There’s a step you can take to increase the security of online purchases that you might not have heard of: virtual credit cards
Think of them as temporary and disposable. If someone steals your virtual number and tries to purchase something in your name, you can just delete the number.
“They’re becoming more relevant as people shop online more,” said Oliver Browne, an industry analyst with Credit Card Insider. “People are looking for additional security.”
Here’s how it works: Through the three companies that offer this service at no additional charge – Capital One, Bank of America and Citibank – consumers can generate a virtual credit card number that differs from their physical card and the physical card’s security code and expiration date.
This is a safety measure because if a scammer steals your virtual number or the number is stolen in a data breach, your physical card won’t be threatened and you won’t have to replace it. In the case of theft, you would just cancel the virtual number and prevent any further use, Browne said.
“You can also set specific spending limits or time frames on virtual credit cards which can give a card holder added security when shopping online or over the phone,” according to an information sheet. The cards can only be used for online purchases and not in physical stores. In some cases, they are merchant-specific so a thief that tried to use it more broadly would be unable to do so.
There are a few ways this method provides convenience. The obvious is you can just cancel the number and don’t have to wait for a new card, like you do when your physical card is lost or stolen.
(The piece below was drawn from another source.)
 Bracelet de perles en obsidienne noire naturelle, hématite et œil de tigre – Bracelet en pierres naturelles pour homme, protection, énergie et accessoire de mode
Another benefit: if you want to subscribe to something but want to avoid that annoying trend of being automatically signed up for renewal later, you can use a virtual card. By the time the publication signs you up again, the virtual number will have long since been canceled.
Nonetheless, “it’s not a silver bullet,” Browne said. There aren’t any extra fraud protections with these cards, so you’ll still want to check your credit card statements. The virtual-card purchases will be listed there, along with physical card purchases.
Here’s one way to battle unwanted calls – with a sense of humor.
A Journal reader’s answering machine has this greeting: “Hello. You have reached the American Apathy Association. We could care less who you are or why you called. Please continue to hold and none of us will take your call – ever.”
Yet another reason to carefully check credit card statements: a scam called “formjacking.”
It’s basically code that’s written on some websites with the purpose of stealing credit card numbers and other information from consumers when they make purchases. Here’s how the Identity Theft Resource Center describes this hard-to-detect con: “The purchase you made is valid and goes through as normal, which makes this identity crime all the more” stealthy.
Generally, the malicious code is on the checkout page of ecommerce websites. Once the consumer clicks “submit” on an order, the code enables cyber-criminals to highjack personal information.
That information can then be used to make fraudulent purchases or can be sold to other criminals on the dark web, according to Symantec, which provides cybersecurity services.
Formjacking hits an average of 4,800 websites per month – notable victims include Ticketmaster and British Airways.
The Identity Theft Resource Center recommends consumers keep a close watch on their credit statements and that businesses use security practices to prevent such theft attempts.